**What the task asks**
Only the lines from the one with "this 730×428 image." through the last line of the data below are to be duplicated, exactly and without pictures.
+++ Material provided +++
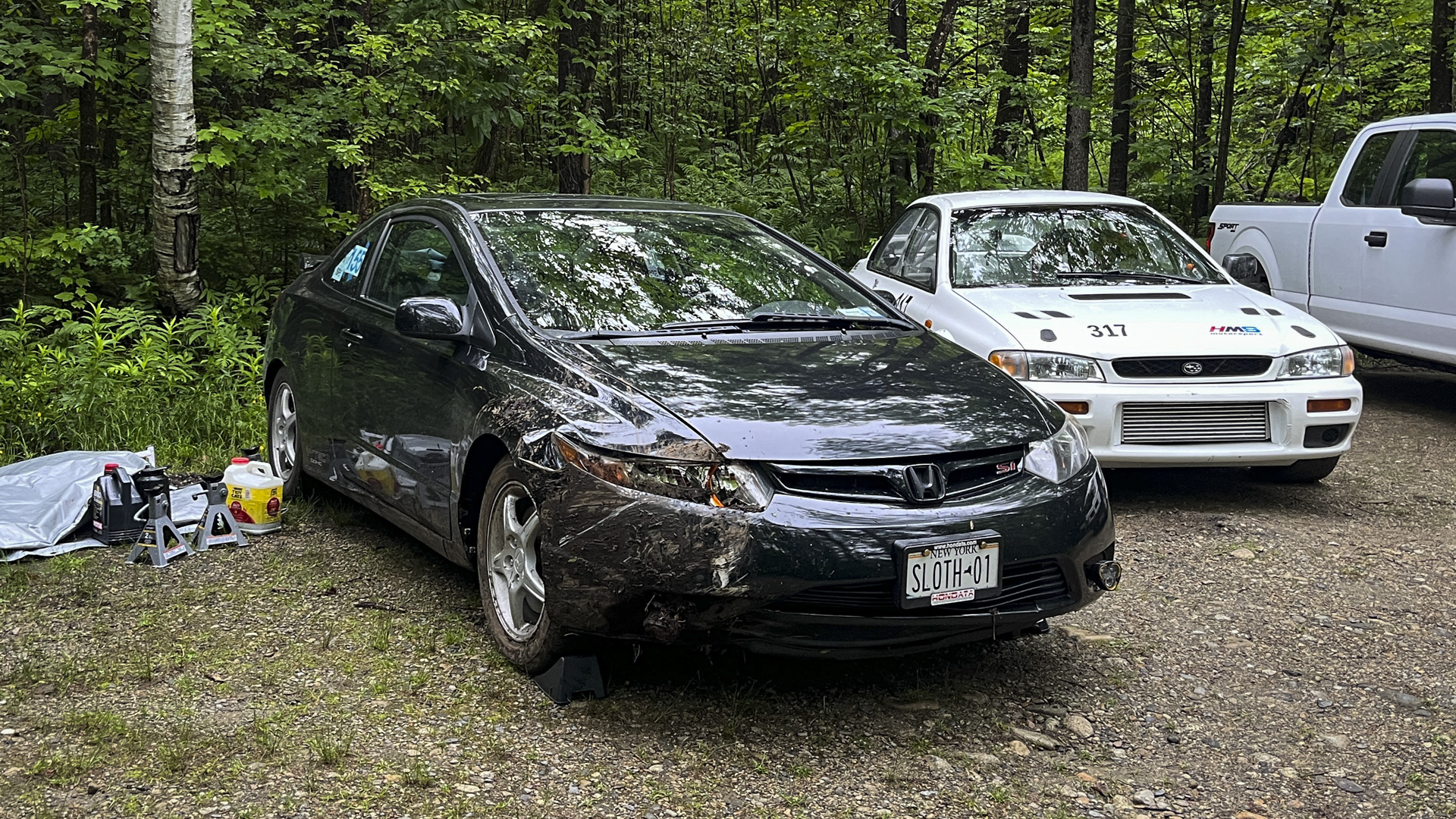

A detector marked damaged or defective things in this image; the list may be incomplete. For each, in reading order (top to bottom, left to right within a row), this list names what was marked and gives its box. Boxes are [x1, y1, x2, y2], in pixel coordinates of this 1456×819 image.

damaged honda civic [267, 196, 1122, 676]
front end damage [522, 434, 1116, 658]
crumpled bumper [534, 461, 1116, 658]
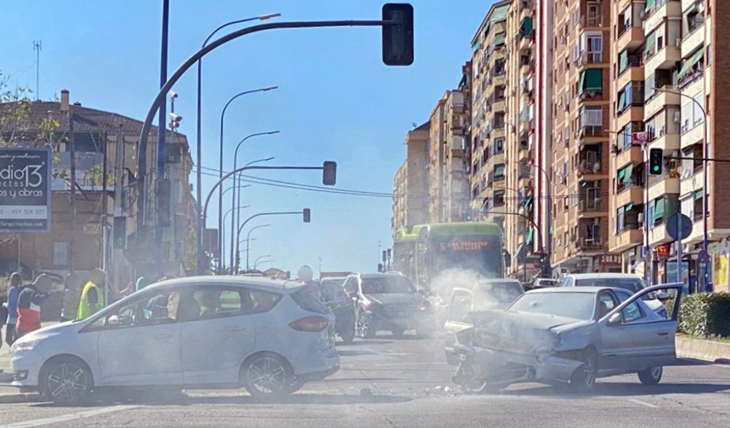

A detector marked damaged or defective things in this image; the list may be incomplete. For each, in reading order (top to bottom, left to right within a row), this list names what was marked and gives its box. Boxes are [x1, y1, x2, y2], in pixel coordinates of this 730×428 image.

crashed car [444, 282, 684, 392]
damaged silver sedan [444, 282, 684, 392]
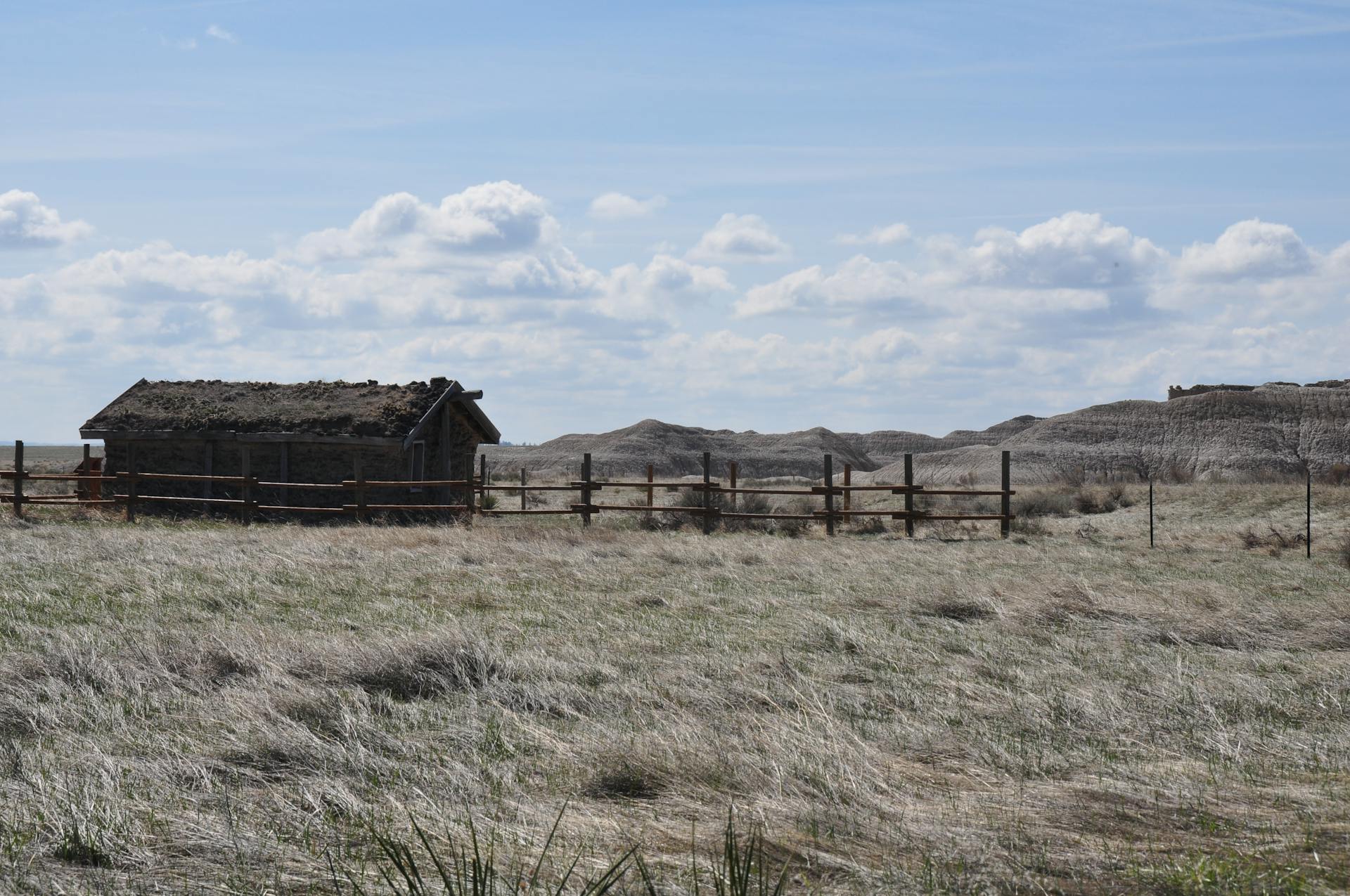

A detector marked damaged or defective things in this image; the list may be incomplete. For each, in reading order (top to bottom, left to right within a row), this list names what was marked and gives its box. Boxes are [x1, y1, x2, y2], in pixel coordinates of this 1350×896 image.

rusted fence rail [2, 436, 1012, 534]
+++
**Exercise solution**
A detector marked damaged or defective things in this image; the list may be incomplete. For each, in reading order (top to bottom, left to right within a row), this list names what was marked and gives its box. Boxes are [x1, y1, x2, y2], in pixel coordinates of this 730×428 image.

crashed car [444, 282, 684, 392]
damaged silver sedan [444, 282, 684, 392]

A detector marked damaged or defective things in this image; the list may be incomplete. For each, in reading order (top to bottom, left to right within a row), this list names what was marked and gives its box. Boxes are [x1, y1, x2, y2], in pixel coordinates of this 1350×896 image.

rusted fence rail [2, 436, 1012, 534]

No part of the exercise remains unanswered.